:: SOURCE DATA ::
--*--

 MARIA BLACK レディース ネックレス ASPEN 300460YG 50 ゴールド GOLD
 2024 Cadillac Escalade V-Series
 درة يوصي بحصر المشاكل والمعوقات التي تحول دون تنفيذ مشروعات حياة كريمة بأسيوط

--*--

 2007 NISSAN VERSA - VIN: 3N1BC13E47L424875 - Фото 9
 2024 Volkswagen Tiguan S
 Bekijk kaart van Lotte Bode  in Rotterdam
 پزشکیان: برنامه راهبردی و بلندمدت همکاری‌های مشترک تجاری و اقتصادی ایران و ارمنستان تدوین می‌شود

--*--

:: WHAT YOU NEED TO DO ::
Please reproduce the lines from the line with "MARIA BLACK レディース" to the line with "درة يوصي بحصر", both ends included, exactly as they appear above.

:: TASK RESULT ::
 MARIA BLACK レディース ネックレス ASPEN 300460YG 50 ゴールド GOLD
 2024 Cadillac Escalade V-Series
 درة يوصي بحصر المشاكل والمعوقات التي تحول دون تنفيذ مشروعات حياة كريمة بأسيوط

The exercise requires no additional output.